In the following years, oil was discovered in a great many places in the Middle East: the Arabian Peninsula, beneath the Caspian Sea, beneath what would become the nations of Iraq, Kuwait, the United Arab Emirates, and others. In 1944, a prominent petroleum geologist named Everette DeGolyer reported to the U.S. government that he was certain the Middle East nations were sitting atop at least 25 billion barrels of crude oil, at least 5 billion of which were in Saudi Arabia. Not reported at that time were his unofficial estimates of up to 300 billion barrels of oil—a third of which he thought underlay Saudi Arabia. In a report to the State Department, DeGolyer's team commented that "The oil in this region is the greatest single prize in all history."

To begin with, the Middle East does not have two thirds of the world's oil reserves.
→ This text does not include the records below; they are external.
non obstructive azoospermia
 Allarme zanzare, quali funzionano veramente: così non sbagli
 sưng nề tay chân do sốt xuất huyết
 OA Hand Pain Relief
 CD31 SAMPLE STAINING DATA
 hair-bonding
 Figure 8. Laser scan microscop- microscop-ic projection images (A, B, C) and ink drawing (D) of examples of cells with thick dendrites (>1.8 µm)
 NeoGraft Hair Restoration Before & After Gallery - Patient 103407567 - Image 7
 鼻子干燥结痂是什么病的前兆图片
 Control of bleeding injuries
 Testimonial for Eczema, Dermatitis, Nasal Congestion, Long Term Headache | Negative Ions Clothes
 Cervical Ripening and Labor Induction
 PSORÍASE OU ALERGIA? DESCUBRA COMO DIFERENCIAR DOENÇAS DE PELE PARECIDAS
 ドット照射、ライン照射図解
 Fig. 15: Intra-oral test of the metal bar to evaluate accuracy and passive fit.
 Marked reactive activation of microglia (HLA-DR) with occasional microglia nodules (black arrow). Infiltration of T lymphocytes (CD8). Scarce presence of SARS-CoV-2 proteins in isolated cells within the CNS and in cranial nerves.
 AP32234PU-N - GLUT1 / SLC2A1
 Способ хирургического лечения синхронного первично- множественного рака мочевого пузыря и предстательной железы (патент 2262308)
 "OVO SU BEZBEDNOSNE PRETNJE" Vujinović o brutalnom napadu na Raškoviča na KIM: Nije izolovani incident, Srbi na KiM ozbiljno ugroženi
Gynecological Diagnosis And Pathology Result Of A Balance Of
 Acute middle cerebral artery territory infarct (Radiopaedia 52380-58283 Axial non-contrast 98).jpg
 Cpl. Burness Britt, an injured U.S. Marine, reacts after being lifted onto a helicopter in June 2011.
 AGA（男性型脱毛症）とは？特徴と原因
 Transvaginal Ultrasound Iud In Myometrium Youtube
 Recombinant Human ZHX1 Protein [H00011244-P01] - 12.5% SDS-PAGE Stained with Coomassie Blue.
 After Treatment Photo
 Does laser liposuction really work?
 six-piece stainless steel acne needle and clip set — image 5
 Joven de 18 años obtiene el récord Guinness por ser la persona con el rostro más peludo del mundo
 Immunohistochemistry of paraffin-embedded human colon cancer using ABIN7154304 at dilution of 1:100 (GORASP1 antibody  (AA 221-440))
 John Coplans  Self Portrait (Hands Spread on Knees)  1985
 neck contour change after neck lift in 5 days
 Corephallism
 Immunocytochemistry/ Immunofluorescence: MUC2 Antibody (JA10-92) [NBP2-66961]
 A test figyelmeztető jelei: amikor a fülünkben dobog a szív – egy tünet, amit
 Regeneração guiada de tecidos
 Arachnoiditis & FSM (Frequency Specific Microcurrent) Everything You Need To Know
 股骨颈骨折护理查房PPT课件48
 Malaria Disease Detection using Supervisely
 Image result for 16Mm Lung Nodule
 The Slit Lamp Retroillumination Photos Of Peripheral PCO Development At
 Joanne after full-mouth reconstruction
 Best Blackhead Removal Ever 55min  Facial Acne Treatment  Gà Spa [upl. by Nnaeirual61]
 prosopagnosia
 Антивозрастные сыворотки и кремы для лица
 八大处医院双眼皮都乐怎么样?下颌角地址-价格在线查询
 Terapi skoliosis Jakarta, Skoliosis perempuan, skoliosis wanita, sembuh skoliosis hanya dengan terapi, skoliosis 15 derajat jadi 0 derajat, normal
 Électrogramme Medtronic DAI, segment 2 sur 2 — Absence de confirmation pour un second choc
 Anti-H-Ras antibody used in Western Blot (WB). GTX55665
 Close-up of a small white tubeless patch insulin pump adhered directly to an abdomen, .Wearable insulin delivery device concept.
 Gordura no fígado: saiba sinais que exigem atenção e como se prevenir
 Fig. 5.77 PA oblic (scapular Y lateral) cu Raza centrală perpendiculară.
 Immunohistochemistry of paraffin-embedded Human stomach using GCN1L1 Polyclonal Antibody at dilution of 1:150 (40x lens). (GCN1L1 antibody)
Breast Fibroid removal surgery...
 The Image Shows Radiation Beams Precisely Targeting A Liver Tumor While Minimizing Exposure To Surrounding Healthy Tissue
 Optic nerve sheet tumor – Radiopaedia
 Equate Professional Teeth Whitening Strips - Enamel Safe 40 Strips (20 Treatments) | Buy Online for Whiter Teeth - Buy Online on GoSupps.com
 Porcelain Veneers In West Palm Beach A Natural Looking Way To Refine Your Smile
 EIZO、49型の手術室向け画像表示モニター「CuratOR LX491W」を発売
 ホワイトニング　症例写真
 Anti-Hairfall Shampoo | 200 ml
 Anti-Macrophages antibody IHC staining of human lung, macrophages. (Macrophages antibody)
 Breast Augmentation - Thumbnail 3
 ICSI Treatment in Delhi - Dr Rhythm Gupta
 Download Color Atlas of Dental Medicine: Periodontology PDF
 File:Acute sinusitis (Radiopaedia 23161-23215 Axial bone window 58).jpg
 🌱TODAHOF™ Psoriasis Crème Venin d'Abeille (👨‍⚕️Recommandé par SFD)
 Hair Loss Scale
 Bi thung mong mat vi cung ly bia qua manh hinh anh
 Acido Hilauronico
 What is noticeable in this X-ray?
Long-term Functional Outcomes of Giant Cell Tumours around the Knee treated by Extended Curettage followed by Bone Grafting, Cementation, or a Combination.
The oil reserve estimates refer to a narrow category of "proven" oil reserves, not to "every ... barrel of oil in the world" According to a US Geological Survey report quietly published in 2000, there is more oil outside the Middle East than inside the region. Certainly two thirds is not at all accurate -- It's 54 percent of identified reserves, possibly 40 percent of ultimately recoverable reserves, and possibly 30 percent or less if you include unconventional heavy oil fields. The Middle East does not have two thirds of the world's oil -- it has 54 percent of identified reserves, or, if you look at ultimately recoverable reserves, 39 percent. Kuwait -- not Iraq -- has the second largest identified oil reserves in the world with 99.4 billion barrels, compared to 96.5 for Iraq, according to USGS (US Geological Survey) . Saudi Arabia may have one quarter of the world's identified oil reserves, as the oil industry claims, but it has only about 16 percent of all ultimately recoverable reserves, according to the USGS. In the report that accompanies the reserve estimates, USGS did not include "unconventional" oil such as Venezuelan heavy crudes. However, the agency did say that these unconventional sources "are approximately equal to the Identified Reserves of conventional crude oil accredited to the Middle East." In other words, according to the USGS, and employing a conservative estimate for unconventional oil, the Middle East probably has anywhere from 29 to 35 percent of ultimately recoverable world oil reserves -- not two thirds, as is commonly claimed by the oil industry.